Esa mañana, la residencia Miller volvió a llenarse de vida entre conversaciones, risas y el aroma reconfortante del desayuno que llegaba desde la cocina. El sol entraba por los altos ventanales y bañaba la mesa del comedor con una luz dorada y suave.
Althea llevaba en la cocina desde temprano, con un suéter ligero sobre el vestido de casa. Se había recogido el cabello con esmero. Incluso en casa, cuidaba su apariencia, sobre todo cuando entraba a la cocina principal. No quería que nadie se sintiera incómodo al verla demasiado informal. La cortesía seguía importándole.
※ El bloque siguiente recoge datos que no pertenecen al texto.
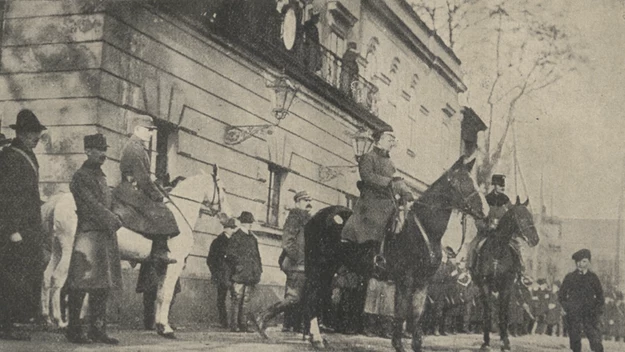 Pod Stonawą wojska czechosłowackie powstrzymały natarcie polskiej kompanii. Zginęło około 75 procent stanu osobowego. Przeżyło kilkunastu żołnierzy, którzy dostali się do niewoli. Czesi nie mieli zamiaru odsyłać ich na tyły – zadźgali polskich żołnierzy bagnetami. Podobny los czekał jeńców wziętych pod Bystrzycą. Jeszcze tego samego dnia, 27 stycznia, Czesi zajęli Cieszyn, a Wojsko Polskie wycofało się za Wisłę. 

Na zdjęciu ulice Cieszyna na przełomie stycznia i lutego 1919 roku.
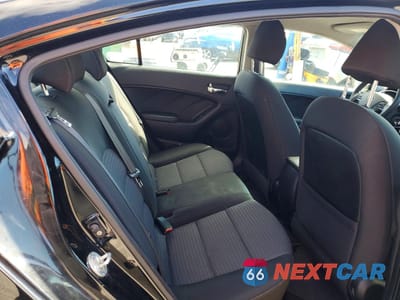 Zdjęcie 10 z 12 samochodu: 2015 KIA FORTE LX VIN:KNAFX4A69F5399998 - miniatura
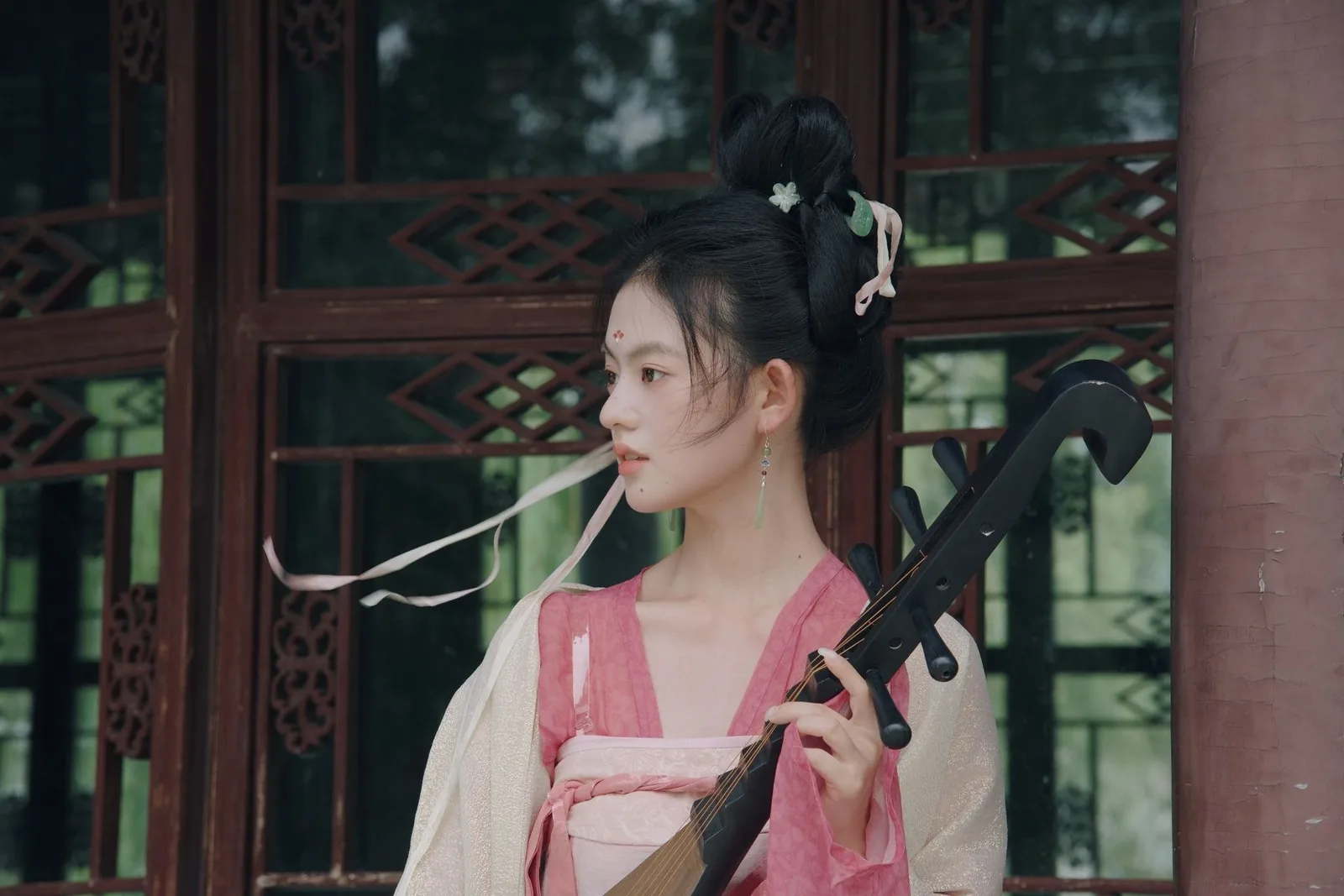 粉帔抱琵琶 · 园林汉服外景人像(01)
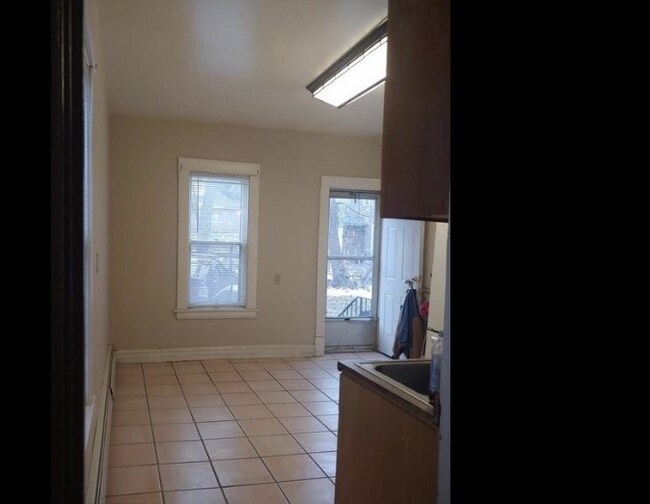 Building Photo - 619 N Mendota St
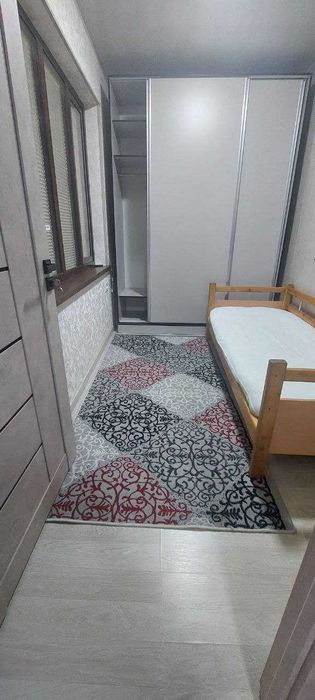 4мкр.да 1 хонали 2 этажда идеал холатда квартира сотилади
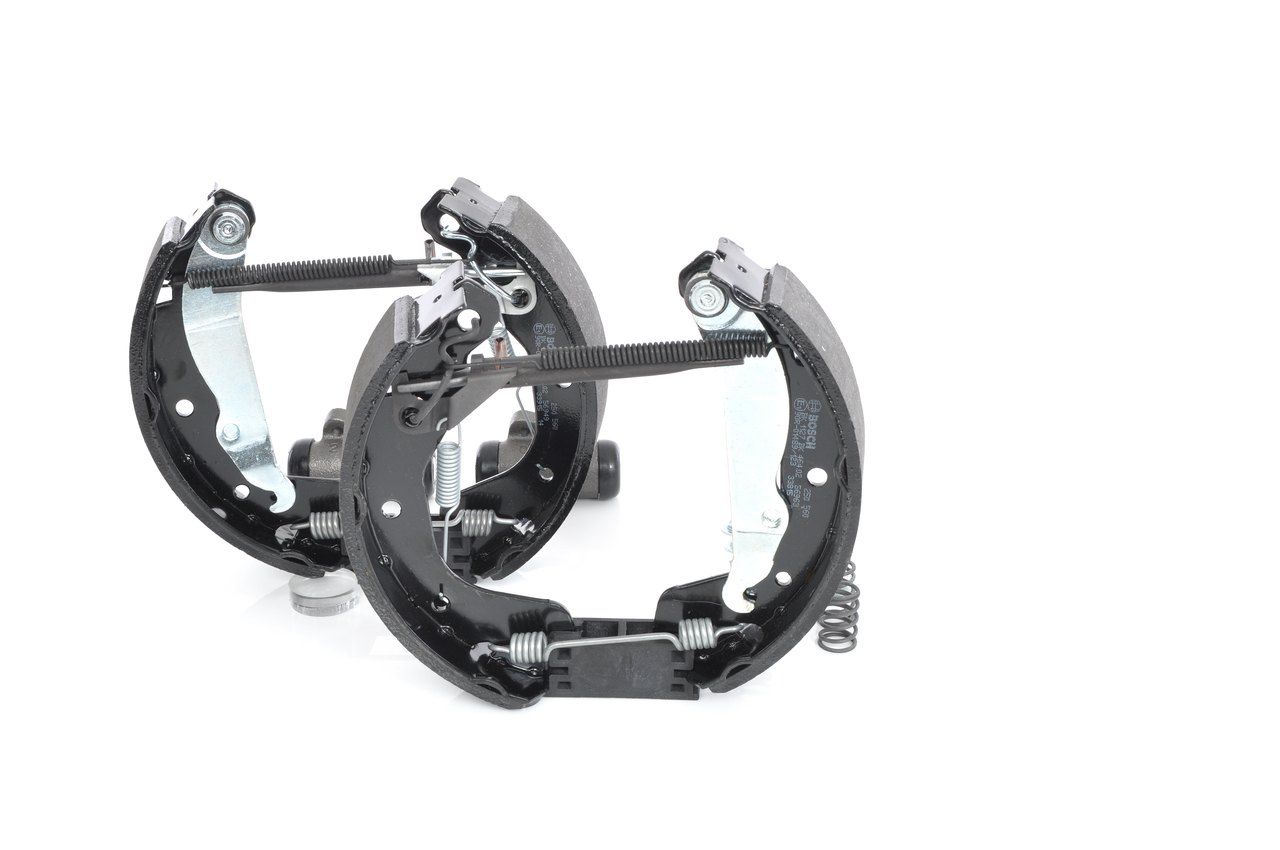 BOSCH 0 204 114 630 - Bremsbackensatz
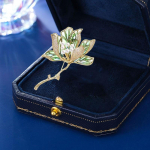 Peen klassikaline iirise pross Naiselikkus Luksus Elegants Valguskindlad riideaksessuaarid Electroplated real gold roheline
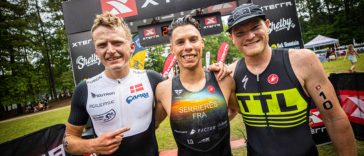 El podio masculino en XTERRA Oak Mountain 2023, encabezado por Arthur Serrieres [Photo credit: XTERRA]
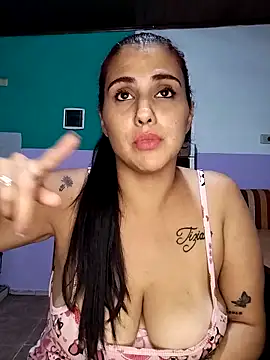 kariciasecreta online show from April 2026 12:38:01 AM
Vertía los huevos batidos en una sartén cuando escuchó unos pasos ligeros que se acercaban.
—¿Puedo ayudar? —preguntó Eli en voz baja, sin pasar del umbral.
Los empleados que ayudaban cerca se miraron, indecisos. Althea, en cambio, la recibió con calidez.
—Claro. ¿Qué te gustaría hacer?
—Puedo poner la mesa o cortar algo de fruta.
—Entonces corta la fruta. Ten cuidado con el cuchillo —dijo Althea con dulzura—. Gia, por favor, no pierda de vista a Eli para que no se lastime.
—Sí, señora.
A Eli se le iluminó la cara. Se lavó las manos con cuidado antes de tomar la tabla de cortar. Se movía con firmeza y atención. De vez en cuando miraba a Althea para asegurarse de que las rodajas le quedaran lo bastante parejas. Gia le recordaba a ratos que fuera más despacio y se cuidara los dedos.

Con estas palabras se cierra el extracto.